Master of roster: Only CJI can decide on allocating cases, AG tells SC
New Delhi: The Supreme Court on Friday reserved order on ex-Law minister Shanti Bhushan’s Public Interest Litigation (PIL) challenging the existing roster practice of allocation of cases by the Chief Justice of India.
Attorney General KK Venugopal while favouring the Chief Justice of India as the “master of roster” countered the plea stating that matters related to roster and allocation of cases can be done by the CJI only.
“If a number of judges are involved in deciding on allocation of cases, it might lead to a ‘chaos’,” the AG told the Supreme Court.
Senior advocate and former Law Minister Shanti Bhushan had earlier in April filed a PIL in the Supreme Court seeking clarification on the administrative authority of the CJI as the master of roster and for laying down the principles and procedure to be followed in preparing it for allocation of cases.
In the petition, CJI Dipak Misra had been named as one of the respondents along with the registrar of the Supreme Court.
The senior advocate has stated that the “master of roster” cannot be unguided and unbridled discretionary power, exercised arbitrarily by the CJI by hand-picking benches of select judges or by assigning cases to particular judges.
The petition said the CJI’s authority as the master of roster is “not an absolute, arbitrary, singular power that is vested in the chief justice alone and which may be exercised with his sole discretion.” It said that such an authority should be exercised by him in consultation with the senior judges of the Supreme Court in keeping with the various pronouncement of this court.
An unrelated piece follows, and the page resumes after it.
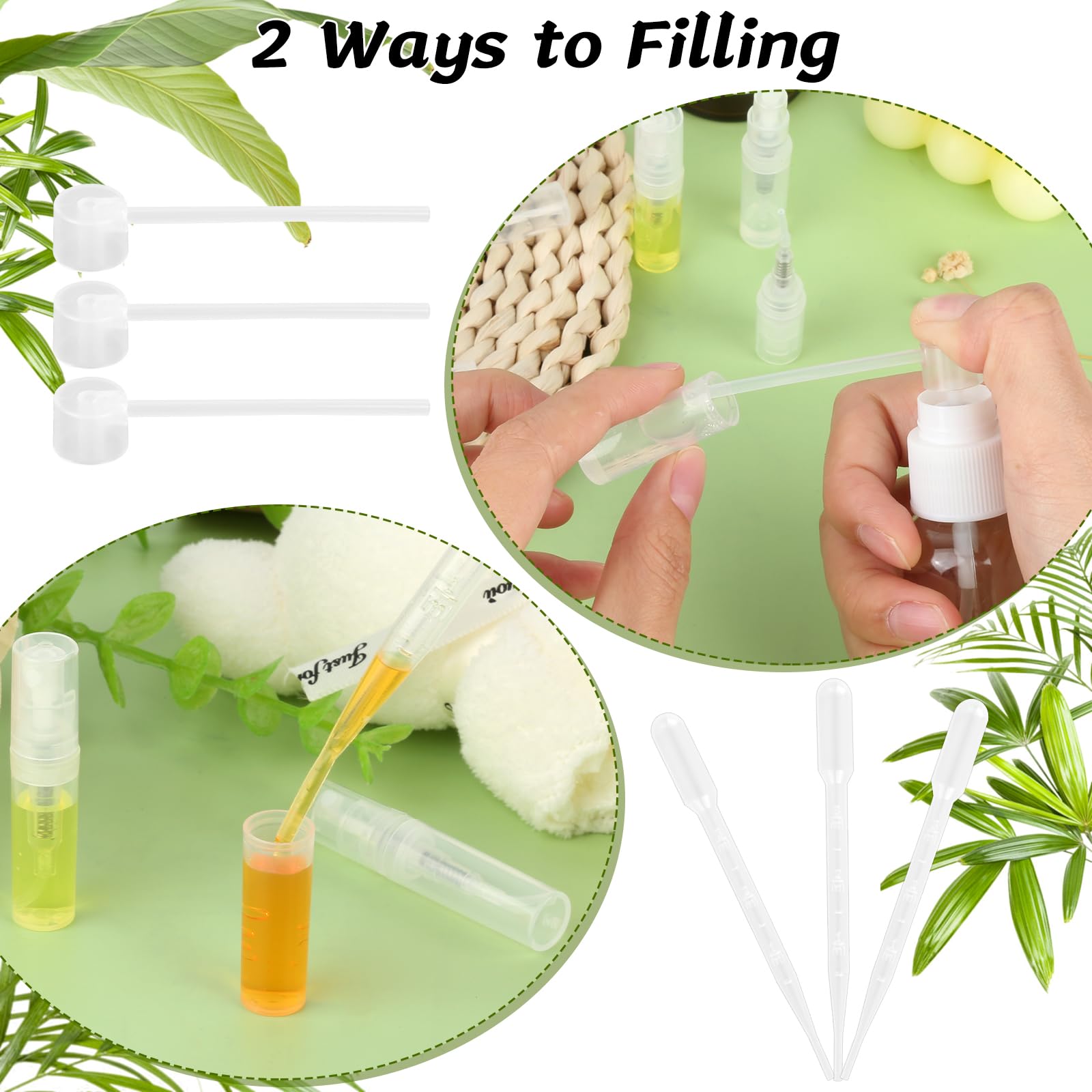 60 sztuk mini rozpylaczy do perfum, 2 ml, do ponownego napełnienia, pusty rozpylacz perfum w podróży, przezroczysty, mini butelka z rozpylaczem z pipetami i głowicą dociskową do perfum,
The petition assumes significance as on January 12, four senior judges J Chelameswar, Ranjan Gogoi, Madan Lokur and Kurian Joseph –who felt that they were being sidelined in allocation of important cases — had alleged that the situation in the Supreme Court was not in order and said many “less than desirable” things have taken place in the last few months. In an apparent warning, they said lack of impartiality in allocation of high profile cases could imperil India’s democracy.
They sent a seven-page letter to the Chief Justice, saying while he was the “master of the roster”, he was “only the first among equals — nothing more or nothing less”.